##### EXERCISE INPUTS #####

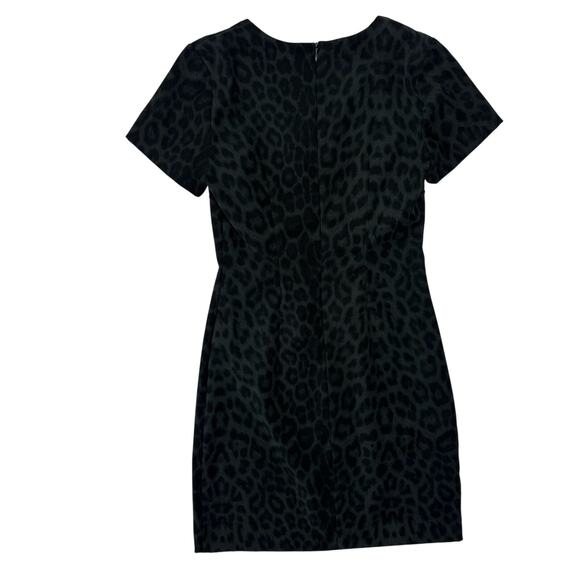 Women’s Leopard Print Short Sleeve Bodycon Dress Gray Green Size 2 - Picture 5 of 9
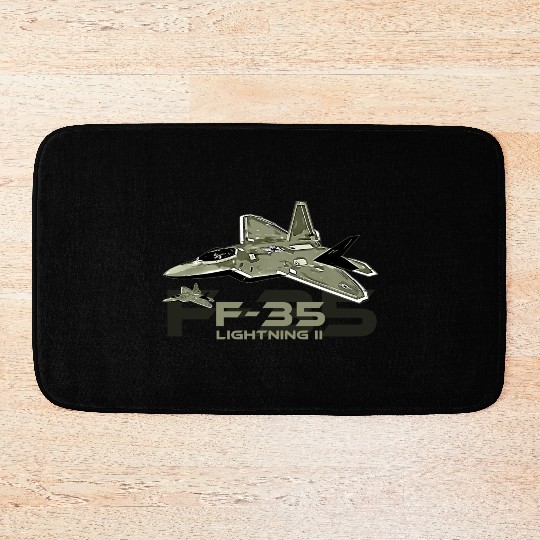 F-35 Lightning fighter jet Bath Mats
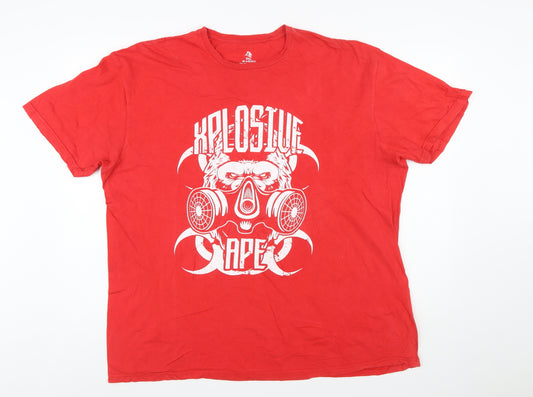 Xplosive Ape Men's Red Graphic 2XL Cotton Crew Neck T-Shirt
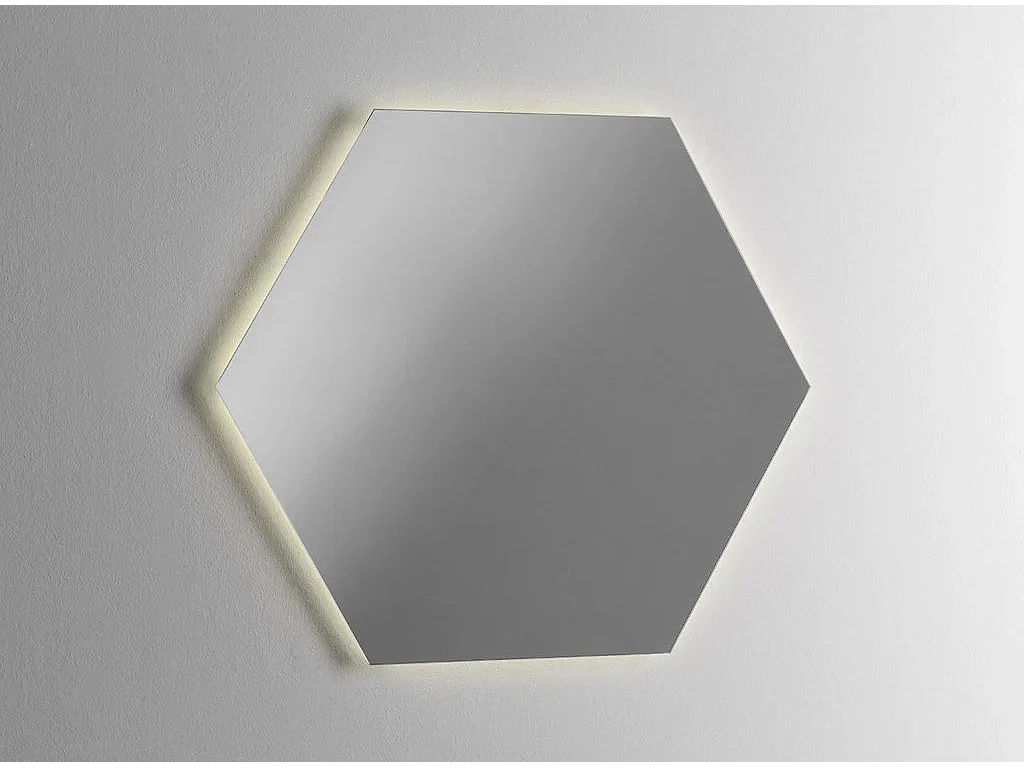 Ensemble meuble de salle de bain 2 tiroirs laqué blanc et gris oxyde et miroir lumineux Lago L 100cm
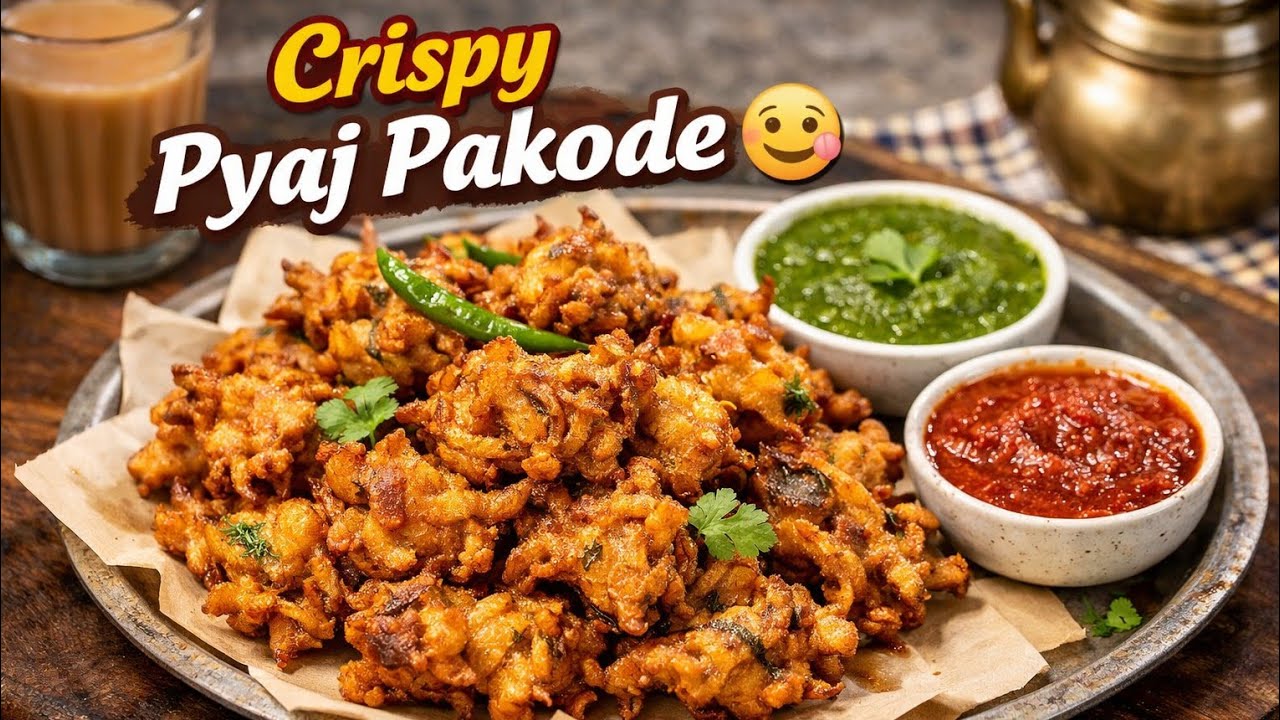 Crispy Pyaj Ke Pakode 😋 | Barish Mein Garam Garam Onion Pakora | Easy Pakora Recipe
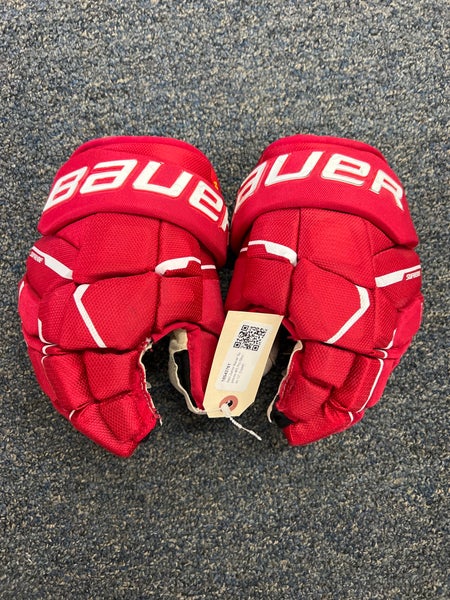 Red Junior Bauer Supreme M5 Pro Gloves 12" (Used)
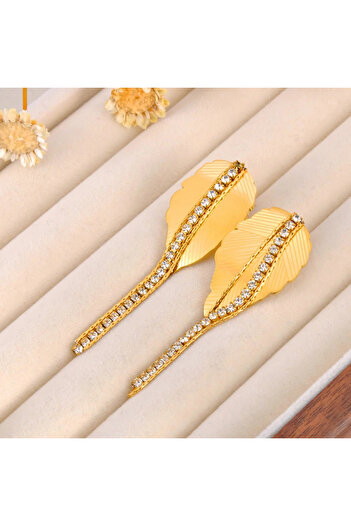 Eva Grace Havena gold long leaf-shaped earrings made of 18K gold-plated stainless steel - Collection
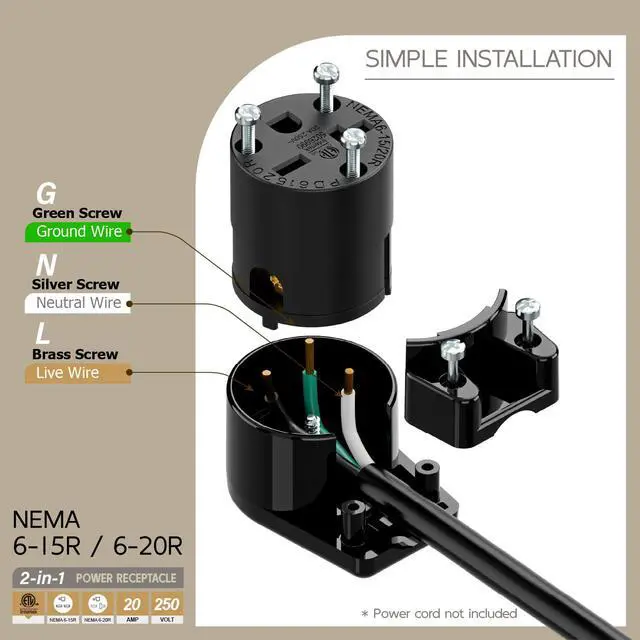 Alt view image 3 of 7 - Right Angle NEMA 6-20R Female Socket, 20Amp/250Volt, NEMA 6-15R 15A/250V ETL Listed Heavy Duty 3-Prong Female Straight Blade Connector, 15/20A 250V AC Industrial Grade Cord End Socket, Black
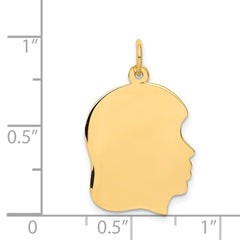 14k Plain Medium .013 Gauge Facing Right Engravable Girl Head Charm - 4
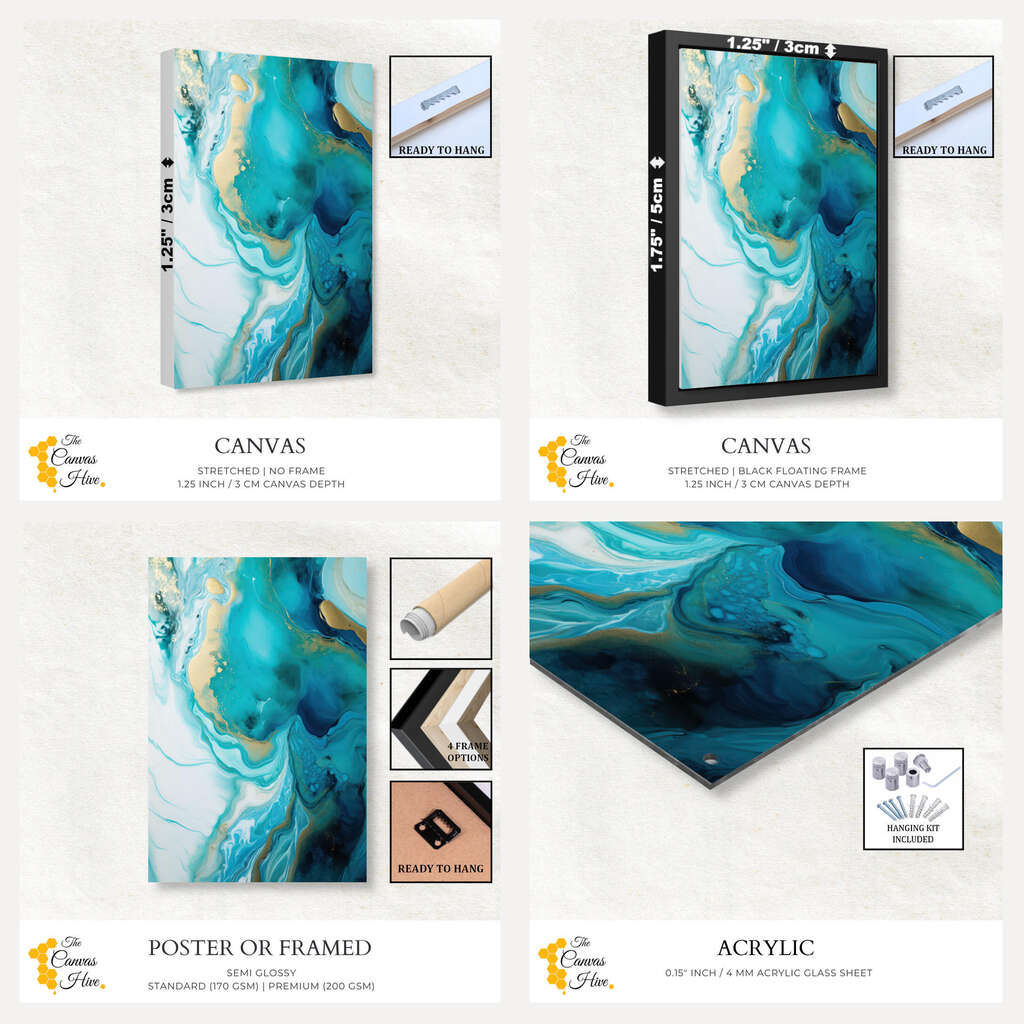 Azure Allure | Abstract Wall Art Prints - The Canvas Hive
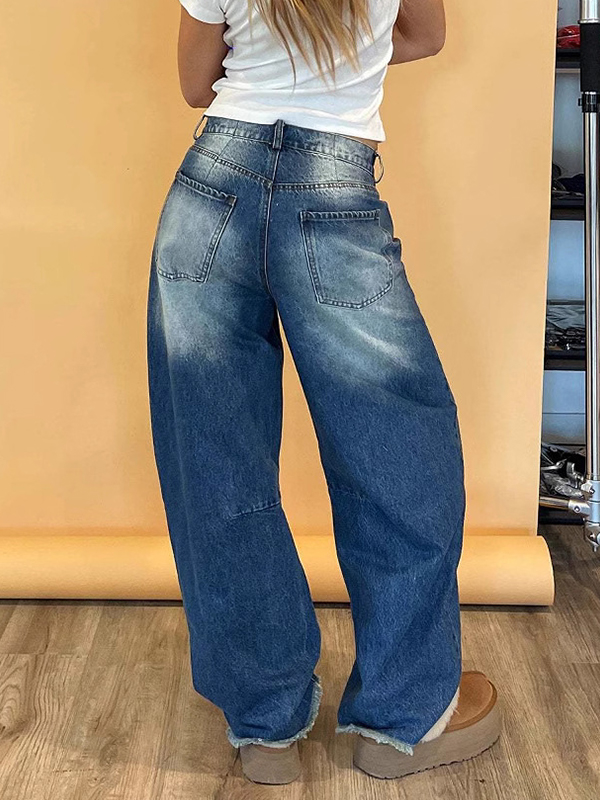EMMIOL High-Waisted Wide-Leg Boyfriend Jeans
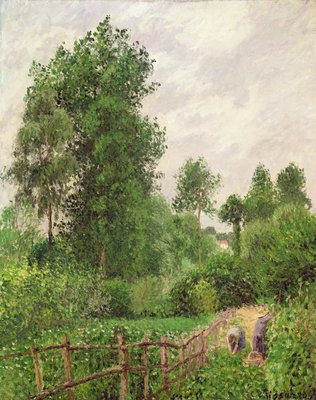 Paisaje, clima gris en Eragny, 1899 de Camille Jacob Pissarro
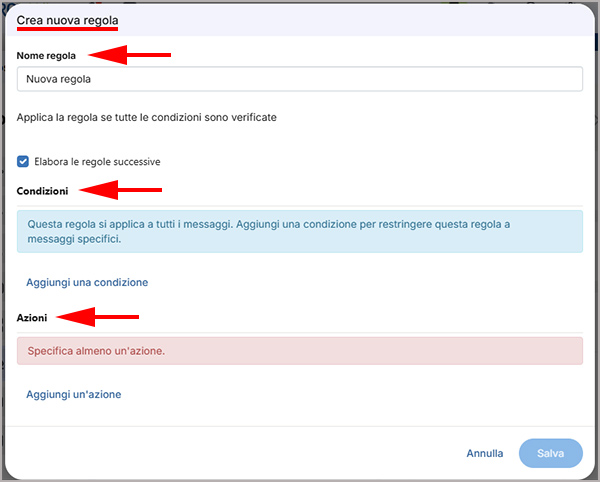 Come creare una regola per i filtri su Libero Mail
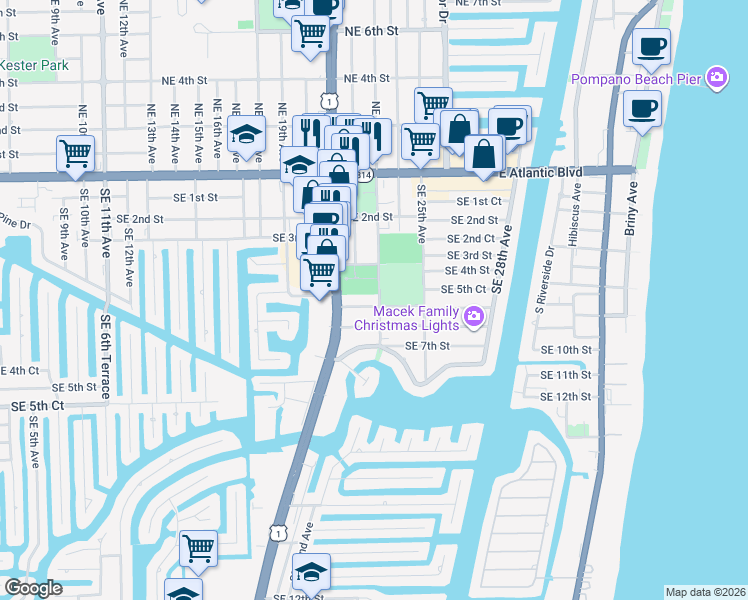 map of restaurants, bars, coffee shops, grocery stores, and more near 400 Southeast 23rd Avenue in Pompano Beach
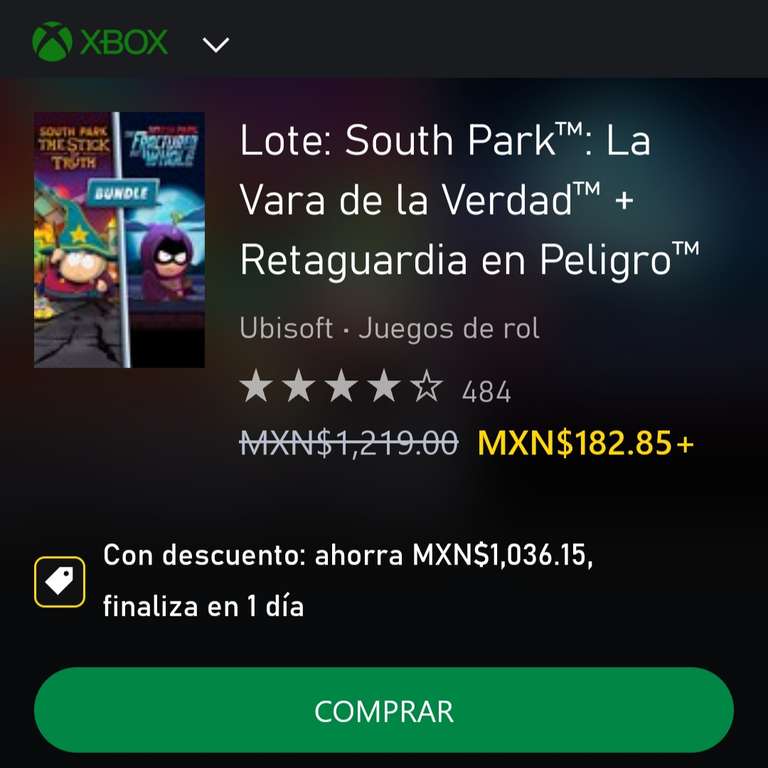 Xbox: Lote de south park "La vara de la verdad" + "Retaguardia en peligro"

#####

-- PROBLEM TO WORK ON --
What is needed is an exact repeat of every entry above, with the pictures left out.

-- TASK RESPONSE --
 Women’s Leopard Print Short Sleeve Bodycon Dress Gray Green Size 2 - Picture 5 of 9
 F-35 Lightning fighter jet Bath Mats
 Xplosive Ape Men's Red Graphic 2XL Cotton Crew Neck T-Shirt
 Ensemble meuble de salle de bain 2 tiroirs laqué blanc et gris oxyde et miroir lumineux Lago L 100cm
 Crispy Pyaj Ke Pakode 😋 | Barish Mein Garam Garam Onion Pakora | Easy Pakora Recipe
 Red Junior Bauer Supreme M5 Pro Gloves 12" (Used)
 Eva Grace Havena gold long leaf-shaped earrings made of 18K gold-plated stainless steel - Collection
 Alt view image 3 of 7 - Right Angle NEMA 6-20R Female Socket, 20Amp/250Volt, NEMA 6-15R 15A/250V ETL Listed Heavy Duty 3-Prong Female Straight Blade Connector, 15/20A 250V AC Industrial Grade Cord End Socket, Black
 14k Plain Medium .013 Gauge Facing Right Engravable Girl Head Charm - 4
 Azure Allure | Abstract Wall Art Prints - The Canvas Hive
EMMIOL High-Waisted Wide-Leg Boyfriend Jeans
 Paisaje, clima gris en Eragny, 1899 de Camille Jacob Pissarro
 Come creare una regola per i filtri su Libero Mail
 map of restaurants, bars, coffee shops, grocery stores, and more near 400 Southeast 23rd Avenue in Pompano Beach
 Xbox: Lote de south park "La vara de la verdad" + "Retaguardia en peligro"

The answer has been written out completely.